How to complete this task: Give back every line of the material exactly. Skip the pictures.

—————

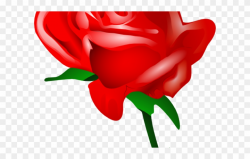 Red Rose Clipart Valentines Day Rose - Cartoon Red Rose Png ...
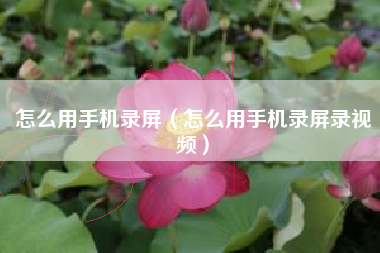 怎么用手机录屏（怎么用手机录屏录视频）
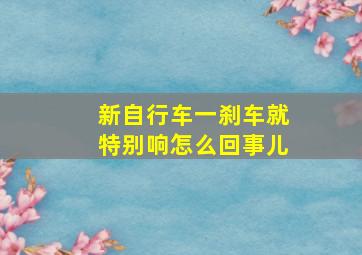 新自行车一刹车就特别响怎么回事儿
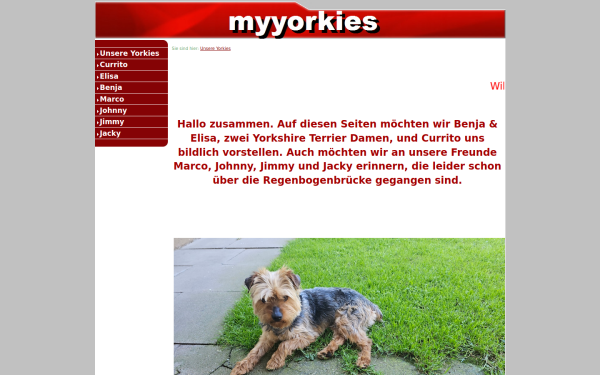 myyorkies.de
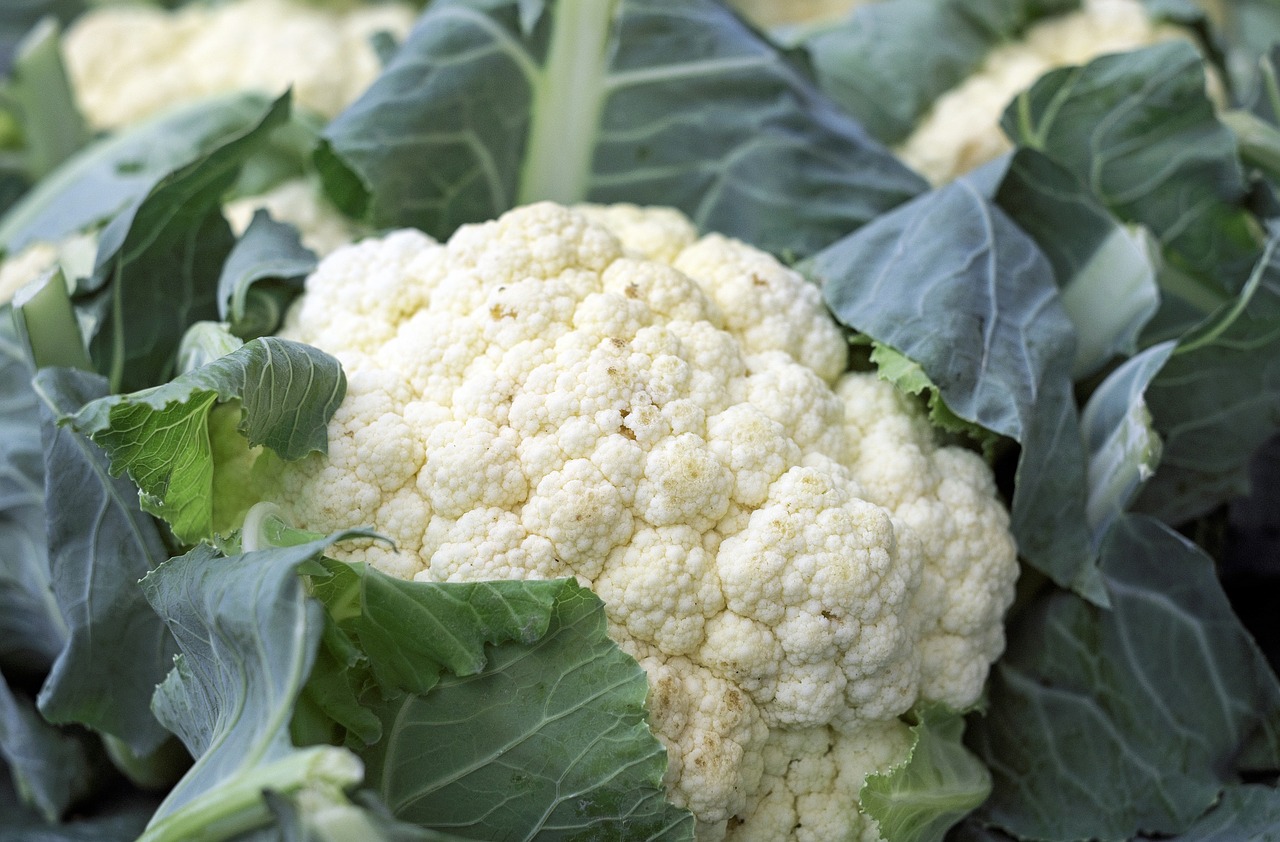 Image - cauliflower vegetables food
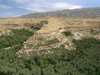 Algeria / Algerie - Gorges de Tighanimine - El Abiod - Batna wilaya -  Massif des Aurs: river of palms - photo by J.Kaman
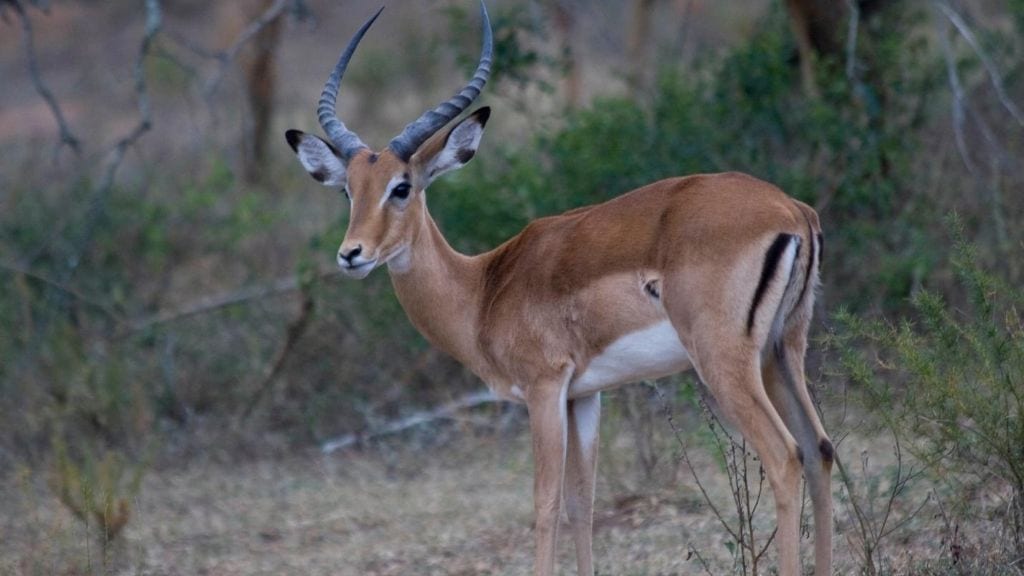 Kadealo, African Animals, Gazelle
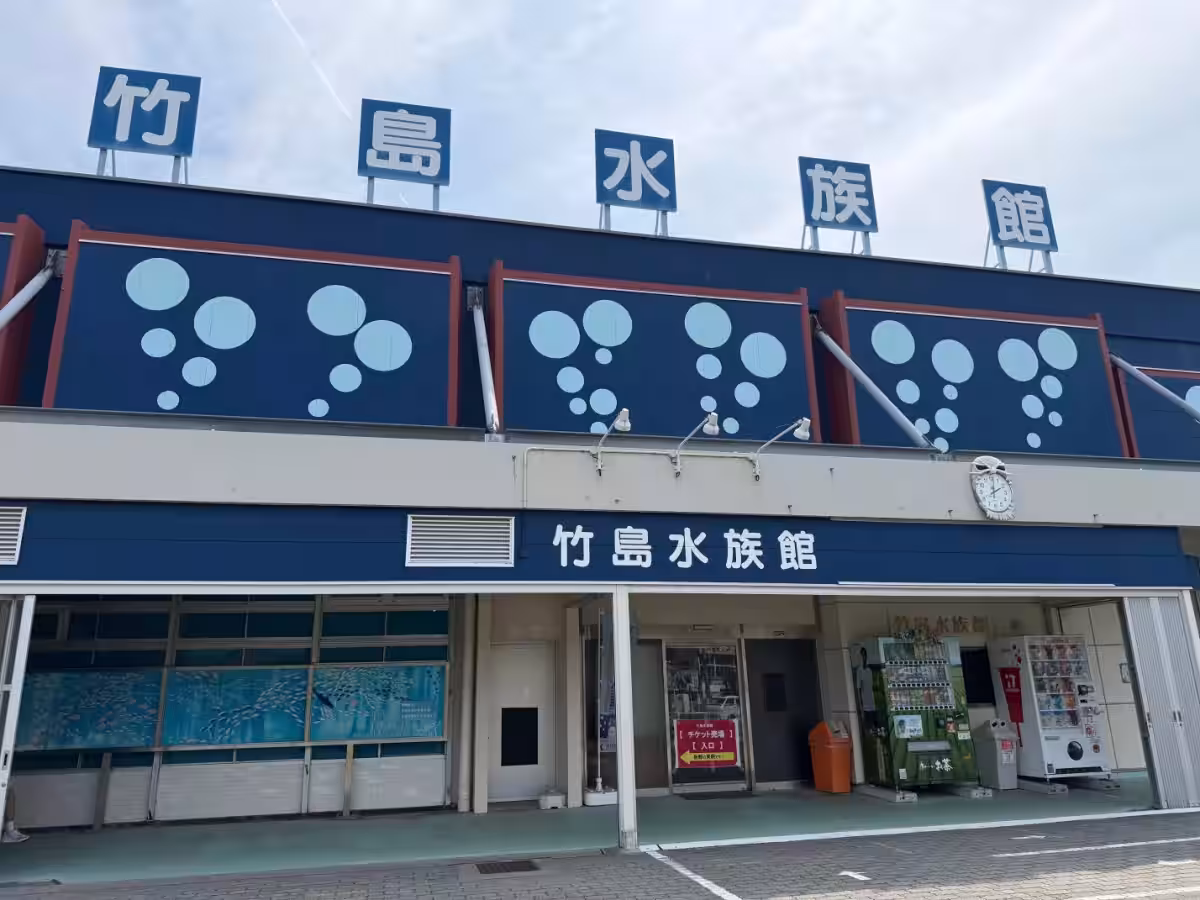画像7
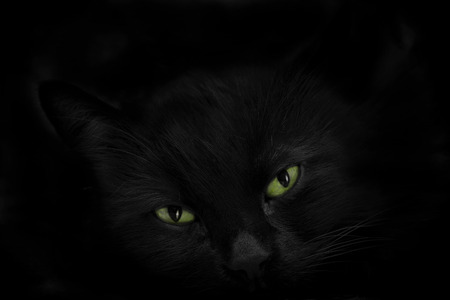 black cat with green eyesの写真素材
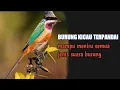 Download Lagu 5 JENIS BURUNG KICAU TERPANDAI MENIRUKAN SUARA BURUNG LAIN.Nomor terakhir tidak disangka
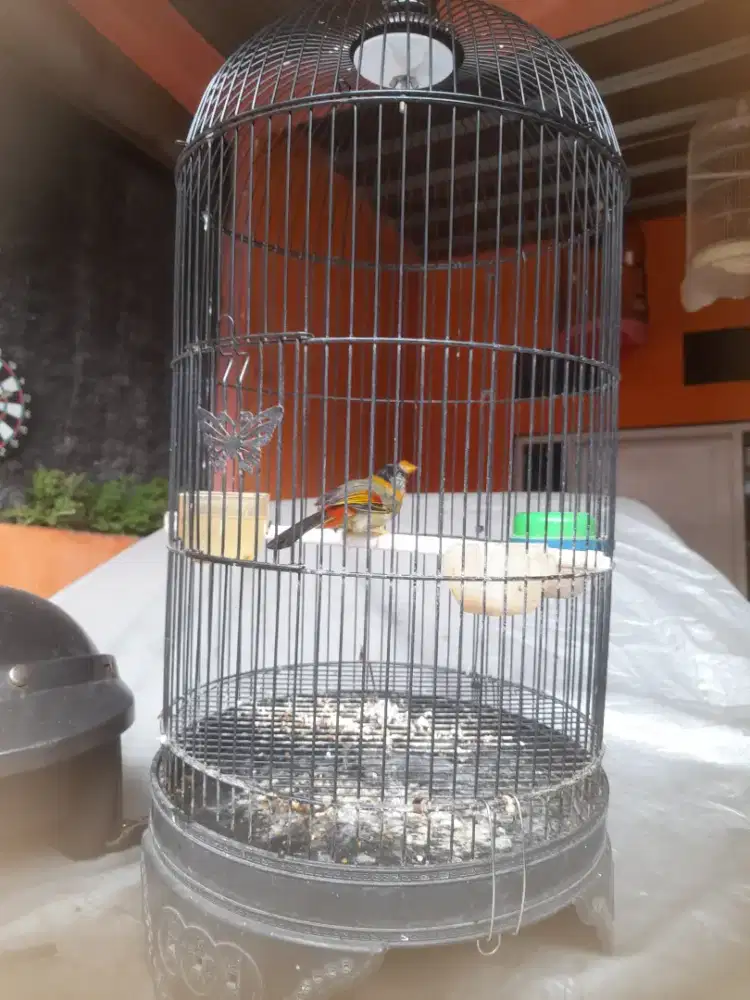 Burung pancawarna jantan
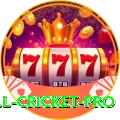 all cricket Master PK v1.6.9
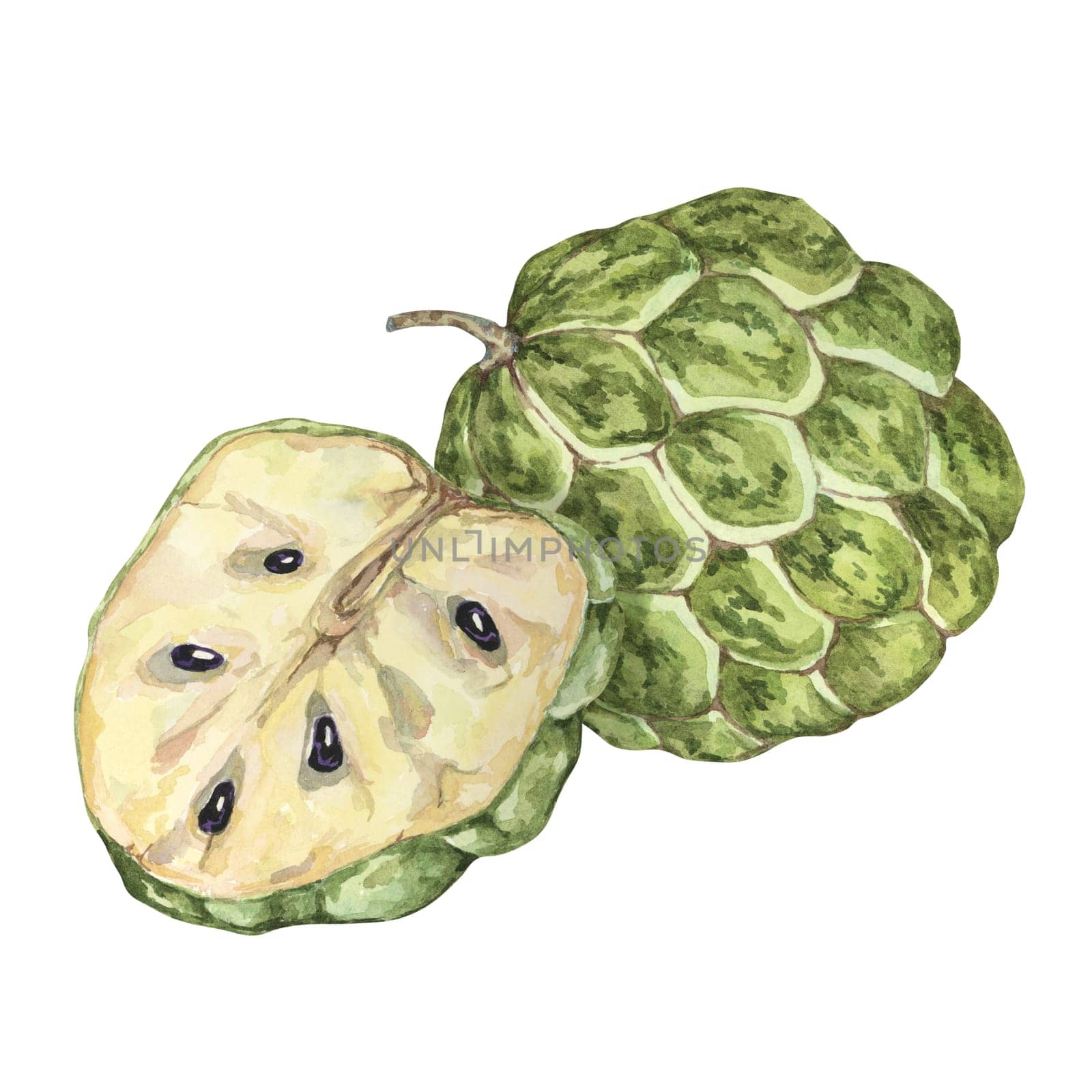 Green cherimoya exotic fruit whole and half. Hand drawn watercolor illustration of custard apple, sugar sweet apple for printing, packaging, sticker by Fofito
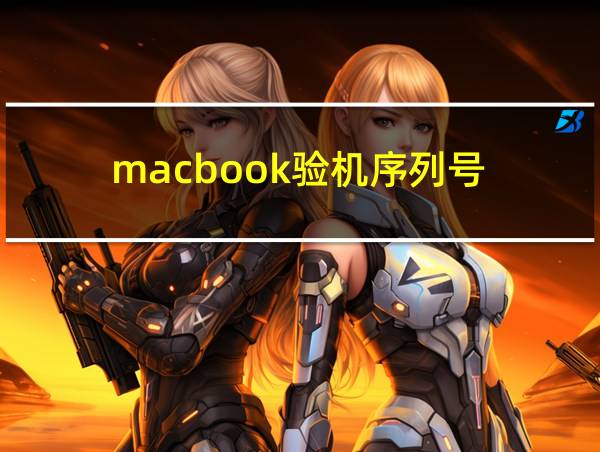 macbook验机序列号的相关图片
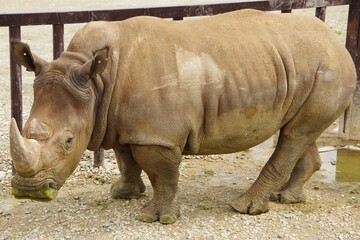 Fototapeta premium 那須サファリパークのミナミシロサイの全身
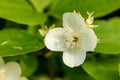 Close up of jasmine flowers in a garden. Jasmine flowers blossoming on bush in sunny day Royalty Free Stock Photo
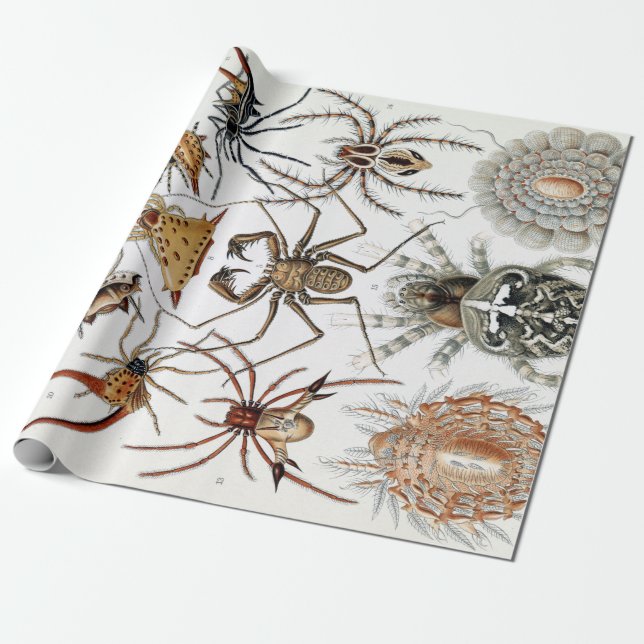 Papier Cadeau Poster d'Ernst Haeckel Arachnida (Déroulé)
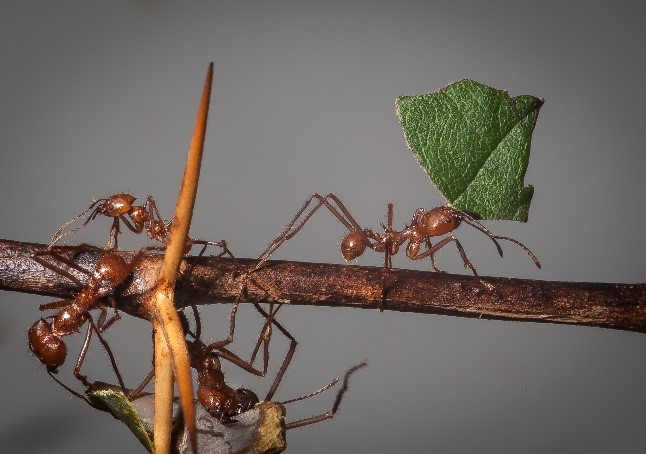 Atta cephalotes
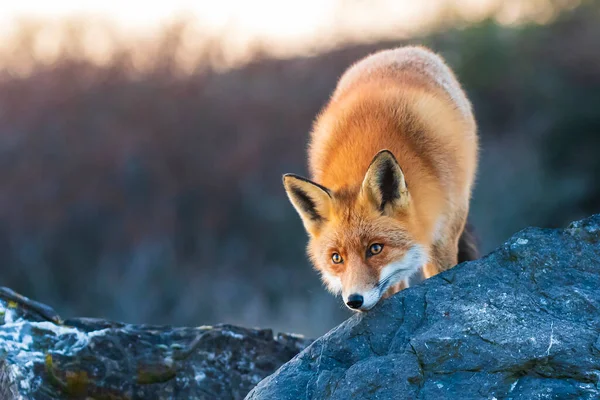 Vahşi genç kızıl tilki, vulpes vulpes vulpes, ormanda ve çayırda çöpçülük, düşük görüş açısı ve seçici odaklanma tekniği.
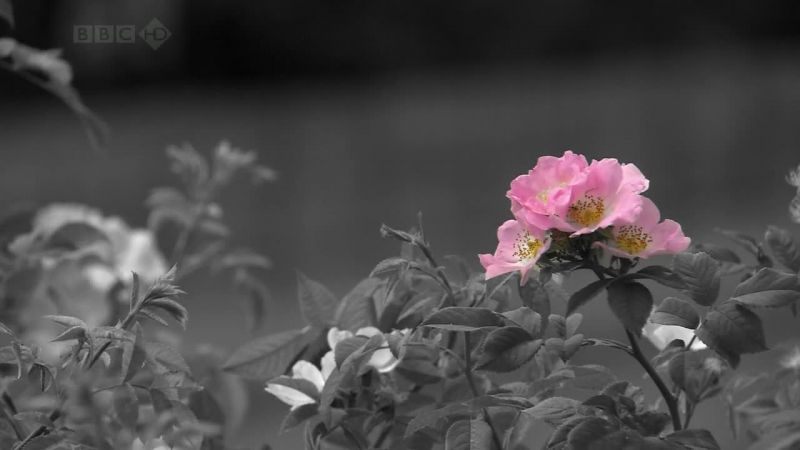 BBC自然界：铁幕下的生机 Iron Curtain: Ribbon of Life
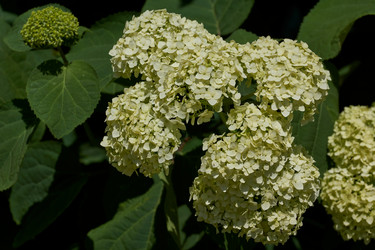 Similar image 21695938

—————

Expected answer:
 Red Rose Clipart Valentines Day Rose - Cartoon Red Rose Png ...
 怎么用手机录屏（怎么用手机录屏录视频）
 新自行车一刹车就特别响怎么回事儿
 myyorkies.de
 Image - cauliflower vegetables food
 Algeria / Algerie - Gorges de Tighanimine - El Abiod - Batna wilaya -  Massif des Aurs: river of palms - photo by J.Kaman
 Kadealo, African Animals, Gazelle
画像7
 black cat with green eyesの写真素材
 Download Lagu 5 JENIS BURUNG KICAU TERPANDAI MENIRUKAN SUARA BURUNG LAIN.Nomor terakhir tidak disangka
 Burung pancawarna jantan
 all cricket Master PK v1.6.9
 Green cherimoya exotic fruit whole and half. Hand drawn watercolor illustration of custard apple, sugar sweet apple for printing, packaging, sticker by Fofito
 macbook验机序列号的相关图片
 Fototapeta premium 那須サファリパークのミナミシロサイの全身
 Close up of jasmine flowers in a garden. Jasmine flowers blossoming on bush in sunny day Royalty Free Stock Photo
 Papier Cadeau Poster d'Ernst Haeckel Arachnida (Déroulé)
 Atta cephalotes
 Vahşi genç kızıl tilki, vulpes vulpes vulpes, ormanda ve çayırda çöpçülük, düşük görüş açısı ve seçici odaklanma tekniği.
 BBC自然界：铁幕下的生机 Iron Curtain: Ribbon of Life
 Similar image 21695938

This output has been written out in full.